• **Exercise directions**
Below are records with pictures. Transcribe exactly, and only, the lines from the line with "This unit is" to the line with "Welcome to the", both ends included, but not the pictures.

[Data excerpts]
##########
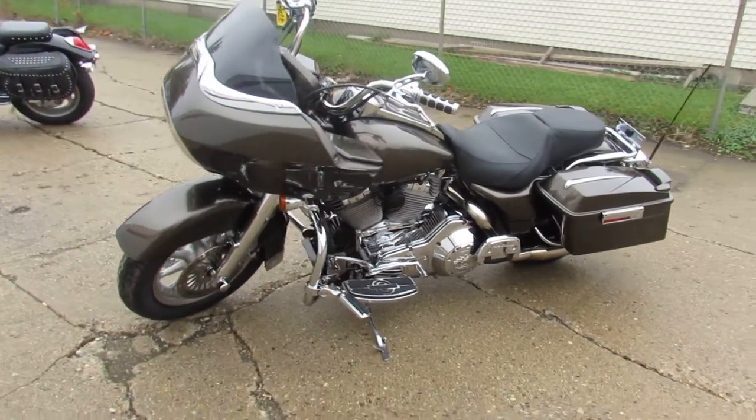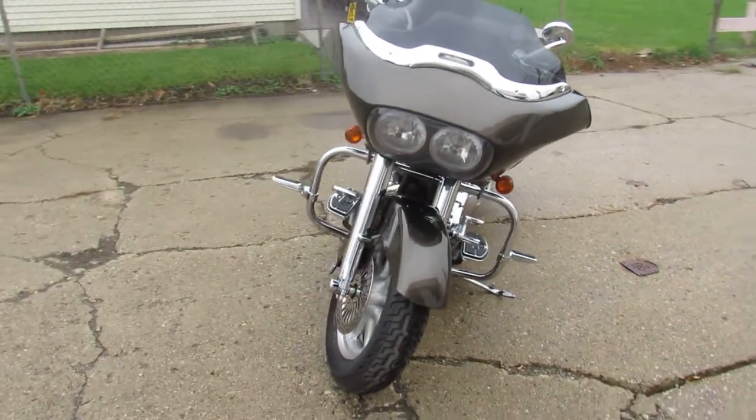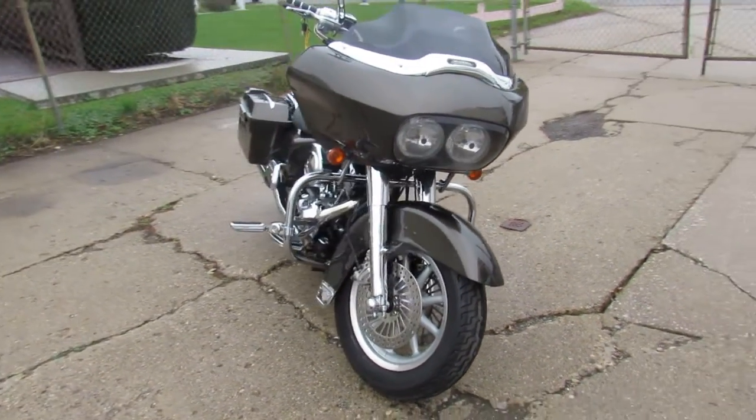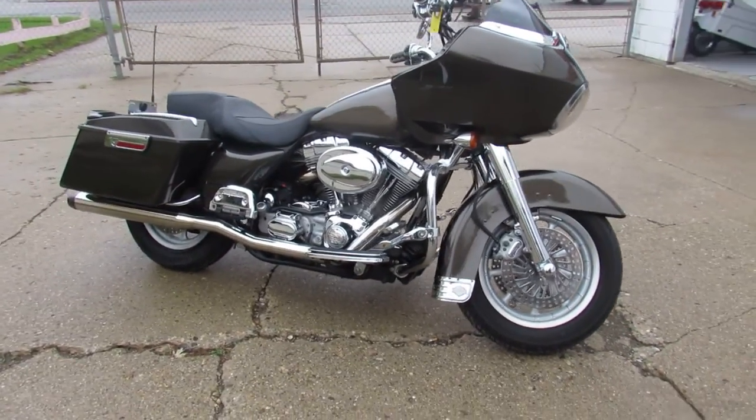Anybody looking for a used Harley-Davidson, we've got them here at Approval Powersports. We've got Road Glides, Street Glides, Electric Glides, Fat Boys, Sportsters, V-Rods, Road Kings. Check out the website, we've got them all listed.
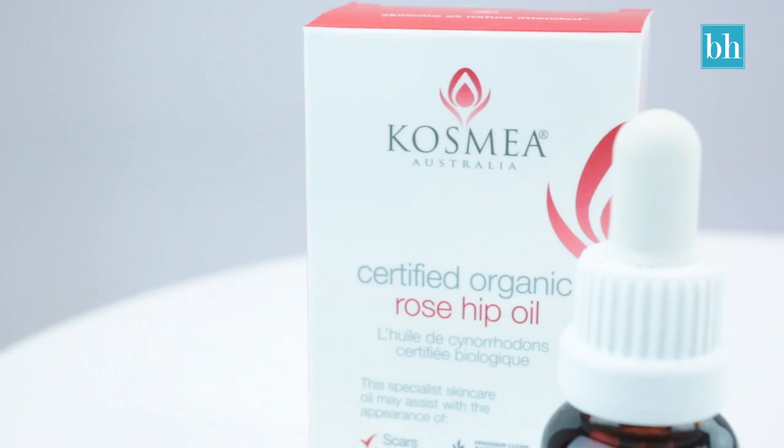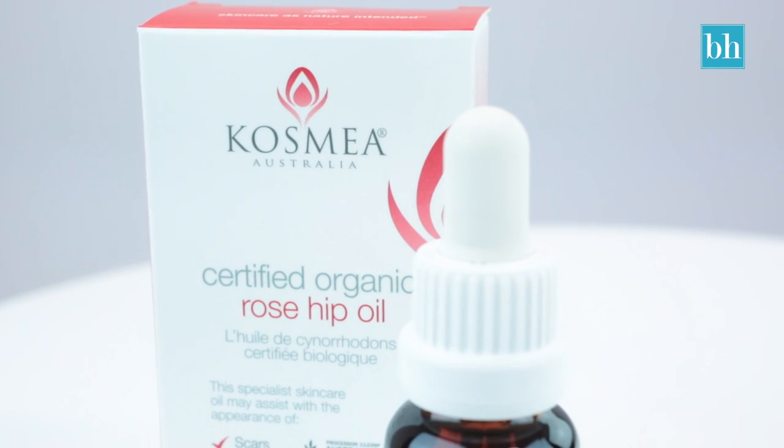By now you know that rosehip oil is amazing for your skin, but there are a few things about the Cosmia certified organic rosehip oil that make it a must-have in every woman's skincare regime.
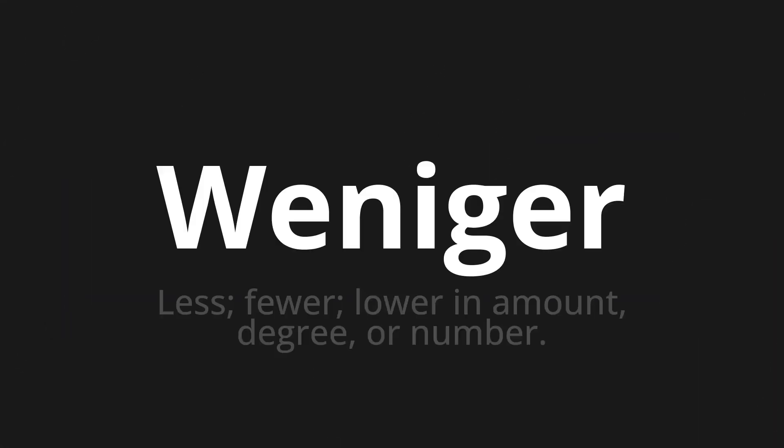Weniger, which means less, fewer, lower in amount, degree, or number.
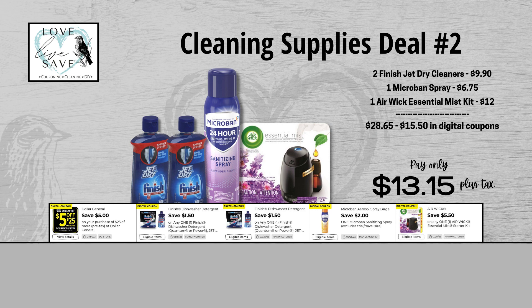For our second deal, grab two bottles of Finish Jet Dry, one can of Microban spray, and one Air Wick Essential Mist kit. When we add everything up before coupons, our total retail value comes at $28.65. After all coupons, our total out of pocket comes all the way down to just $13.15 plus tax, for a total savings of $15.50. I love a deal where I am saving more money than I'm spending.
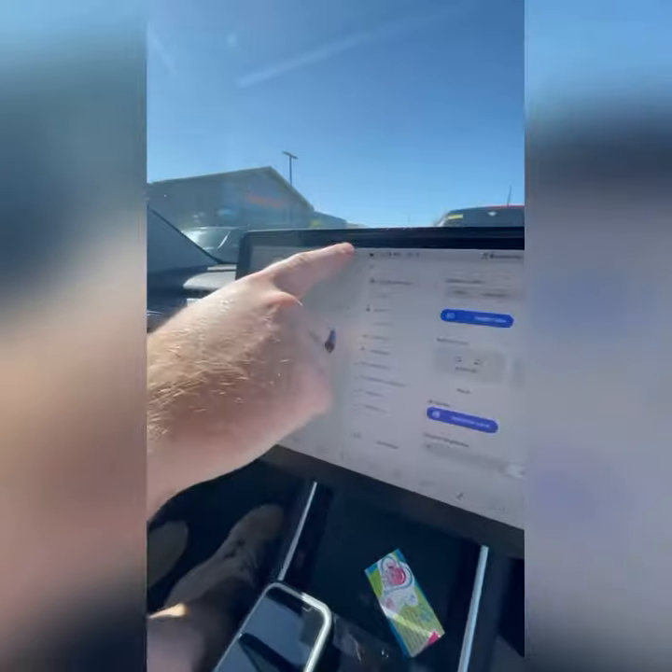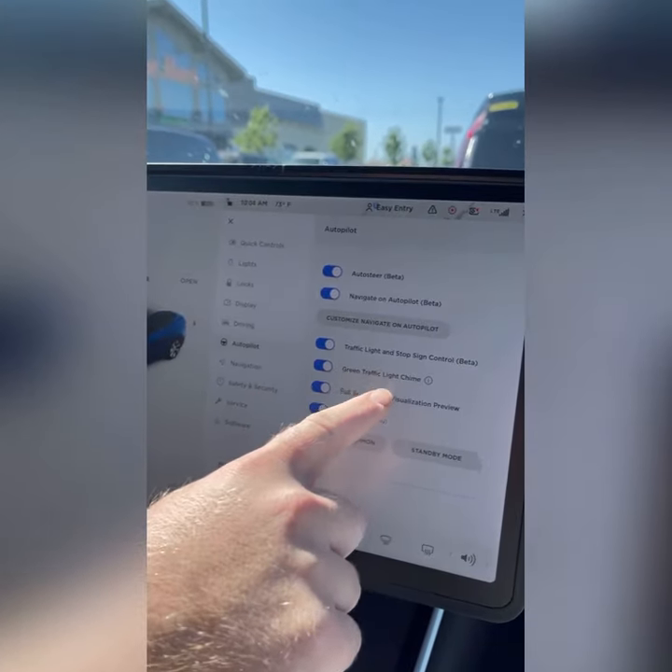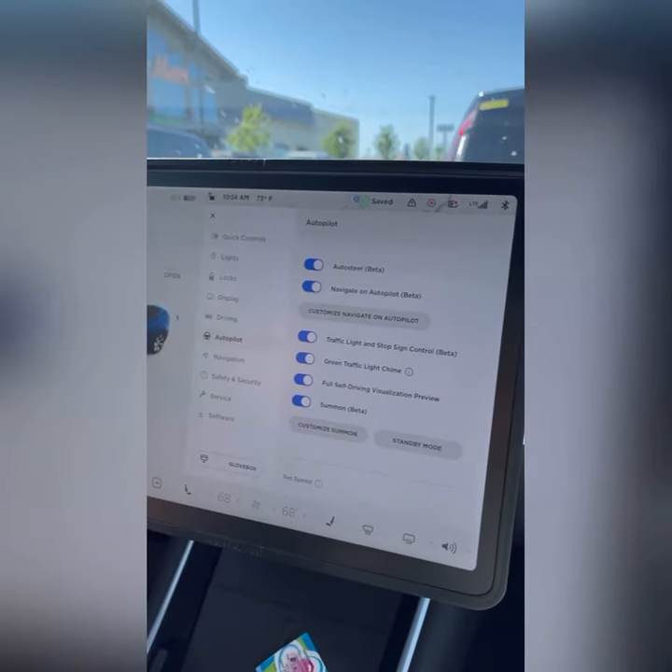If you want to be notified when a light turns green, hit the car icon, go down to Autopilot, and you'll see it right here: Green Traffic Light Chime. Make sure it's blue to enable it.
##########
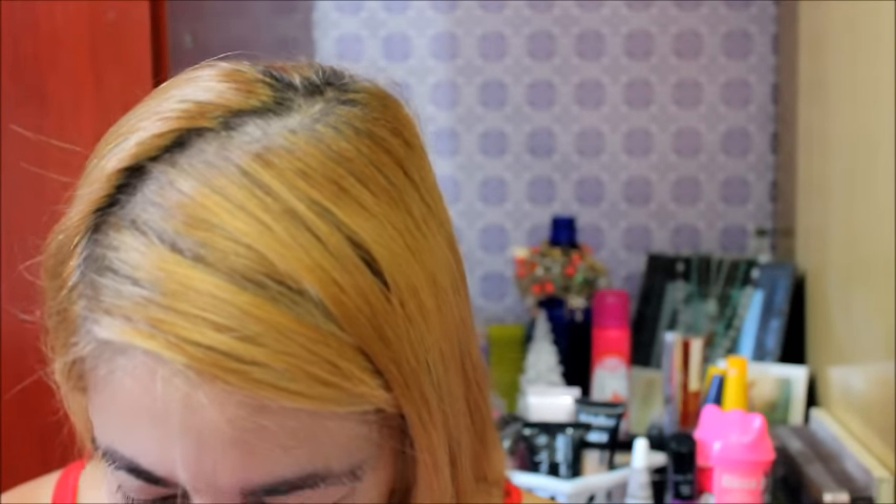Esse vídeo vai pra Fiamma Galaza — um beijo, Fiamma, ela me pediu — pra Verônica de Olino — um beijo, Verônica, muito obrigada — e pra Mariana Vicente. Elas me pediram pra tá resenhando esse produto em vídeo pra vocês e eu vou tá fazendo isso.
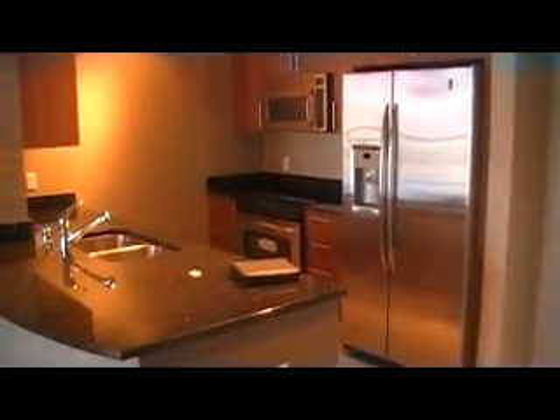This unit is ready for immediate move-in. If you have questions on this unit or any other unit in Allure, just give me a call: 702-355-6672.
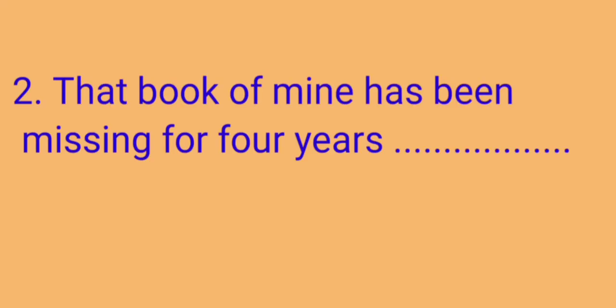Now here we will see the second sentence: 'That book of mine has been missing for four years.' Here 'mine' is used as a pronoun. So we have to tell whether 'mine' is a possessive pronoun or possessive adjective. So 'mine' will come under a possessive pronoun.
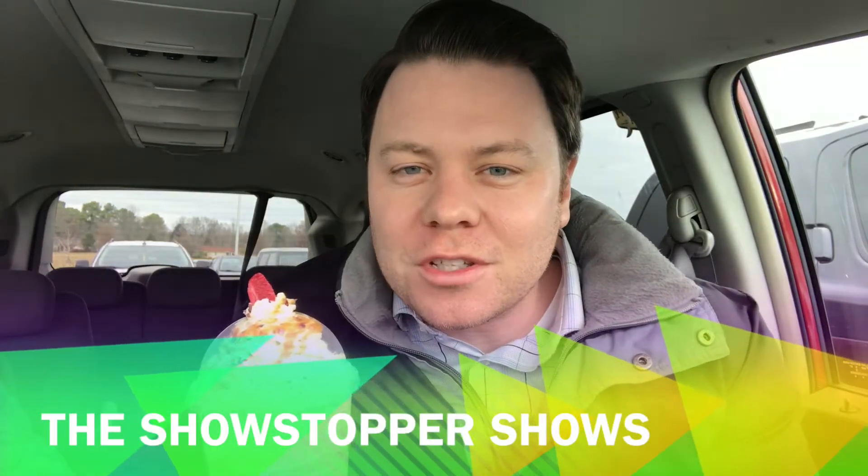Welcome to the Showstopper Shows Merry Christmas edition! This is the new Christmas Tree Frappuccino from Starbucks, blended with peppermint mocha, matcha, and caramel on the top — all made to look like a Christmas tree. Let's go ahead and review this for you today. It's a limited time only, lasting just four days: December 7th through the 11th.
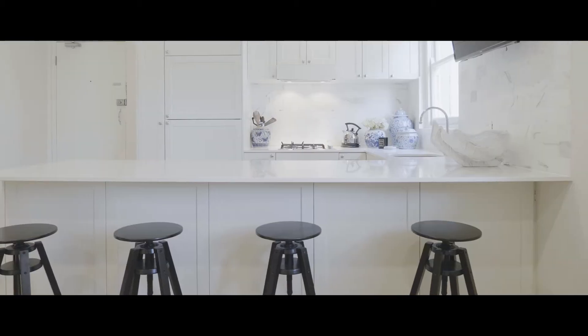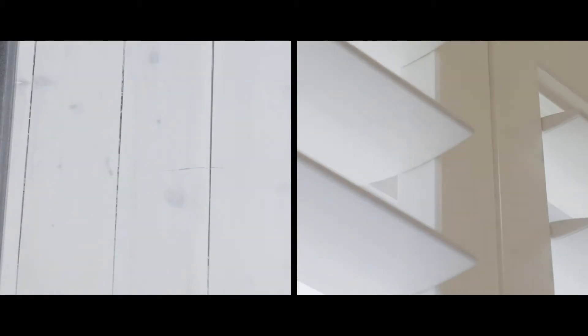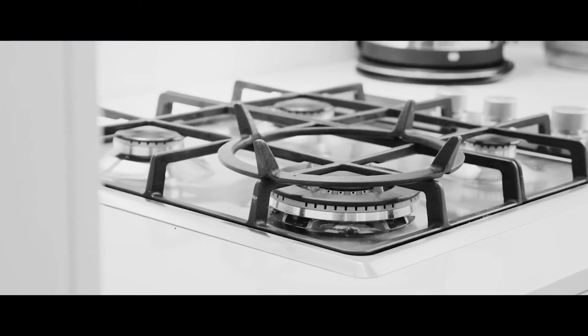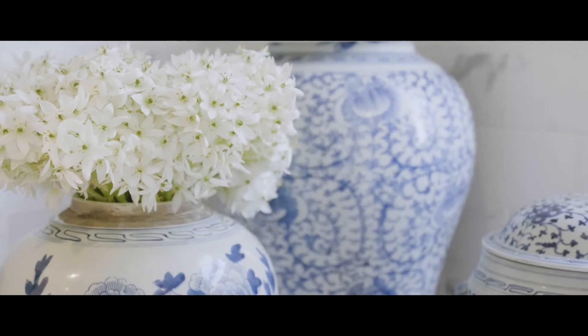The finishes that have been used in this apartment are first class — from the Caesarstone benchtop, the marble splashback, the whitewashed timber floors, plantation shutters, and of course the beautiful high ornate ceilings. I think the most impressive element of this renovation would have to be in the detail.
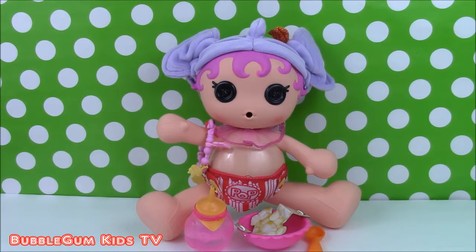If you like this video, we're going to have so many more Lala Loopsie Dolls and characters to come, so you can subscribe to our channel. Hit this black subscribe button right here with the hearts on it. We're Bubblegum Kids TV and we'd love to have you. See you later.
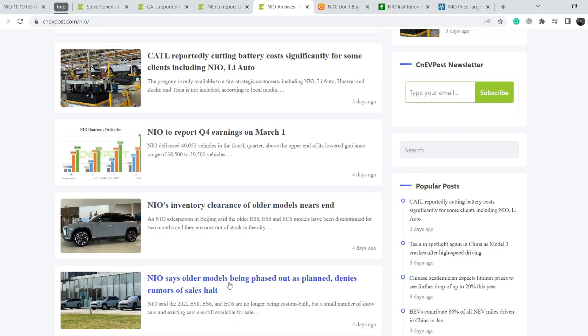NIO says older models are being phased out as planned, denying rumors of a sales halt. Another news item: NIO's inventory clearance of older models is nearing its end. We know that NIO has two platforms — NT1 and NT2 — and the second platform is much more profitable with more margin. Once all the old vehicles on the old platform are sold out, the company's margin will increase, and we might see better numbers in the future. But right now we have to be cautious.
##########
• **Answer to this task**
This unit is ready for immediate move-in. If you have questions on this unit or any other unit in Allure, just give me a call: 702-355-6672.
Now here we will see the second sentence: 'That book of mine has been missing for four years.' Here 'mine' is used as a pronoun. So we have to tell whether 'mine' is a possessive pronoun or possessive adjective. So 'mine' will come under a possessive pronoun.
Welcome to the Showstopper Shows Merry Christmas edition! This is the new Christmas Tree Frappuccino from Starbucks, blended with peppermint mocha, matcha, and caramel on the top — all made to look like a Christmas tree. Let's go ahead and review this for you today. It's a limited time only, lasting just four days: December 7th through the 11th.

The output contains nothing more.